Overwatering is almost too easy that you don’t notice you’re doing it. Set and forget. Hands in pockets.
I came across a discussion in a podcast where results were in on some research around cloning.
As a result I am no longer shortening the leaves, I am removing them. This gives the cutting one instead of five wounds to heal at each leaf site.
They found their highest survival rates on cuttings with only one, two or three leaves.
They found no correlation between the site of the cutting’s removal (ie, upper or lower) and the vigour of the cutting.
So a few pointers, a few reminders. I’ve linked to the podcast I’m talking about a few times. I can find it again if anyone wants.

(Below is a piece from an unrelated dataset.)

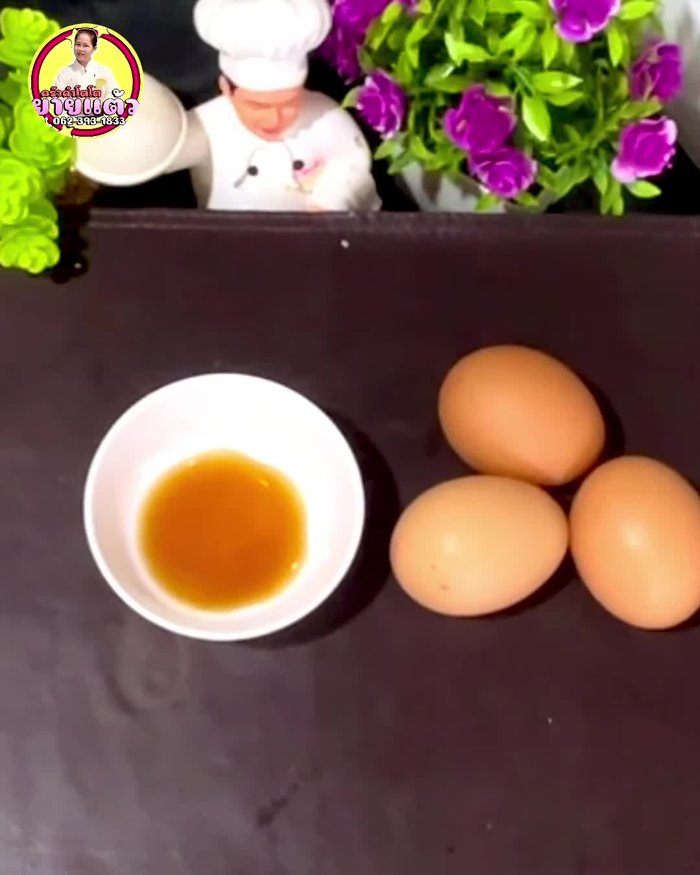 Prepare the fish sauce: In a bowl, combine fish sauce, seasoning powder, yogurt, and boiled water. Mix well and set aside. (11.28)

I also had it cold. Too cold. It’s ridiculous how cold it is here sometimes. (This last night was so cold it was painful. There better be some snow somewhere today).
So I started to pull some of this together again. I was even using new soil in cups again. I was still using a crappy old blade, but sometimes I’d remember to wipe it with alcohol.
I was still scratching my head.
Anyone who remembers Sam Vimes in Feet Of Clay (this is the third of the city watch series of Pratchett’s Discworld stories. If you haven’t yet, do) remembers the frustration of seeing him looking for something without noticing the candle he was searching by (spoiler
averted danced all over).
It was like that anyway. 16 hours of light is not enough. The veg tent is now on 18/6.
(Hmm. The fact I look to the Discworld series to untangle real world issues is perhaps more telling than I would have liked
).
The other thing I was going to say about upping my cloning game lately is this, and it’s also almost too obvious to notice. You can’t take a healthy cut from an unhealthy plant.
Now, my veg light is only 40w so leaf vigour is not something I even noticed I was missing. Now everyone in the veg tent (and anyone less than a week in 12/12) gets a foliar feed every 5-7 days. Leaves love it.
I’m also spraying the leaves of the cuttings in Schrodinger’s tray and that’s the only time I mess with them at all. I spray the inside of their dome with plain water twice a day.
I like the tip about the hydroton balls (why is that fun to say? Hydroton balls!) under the cube for somewhere dry and sterile to stand. (You don’t necessarily think of soil (dirt?) as being sterile do you?)
The only thing I’ll add on the peat pucks is that a lot of folk find benefit from tearing that mesh packet open so that it can be removed when roots show without damaging them. I’ll put a picture up when my next cbd drops out of superposition.
I’m sure to be missing something, but thanks to you all for your help in getting all this straightened out.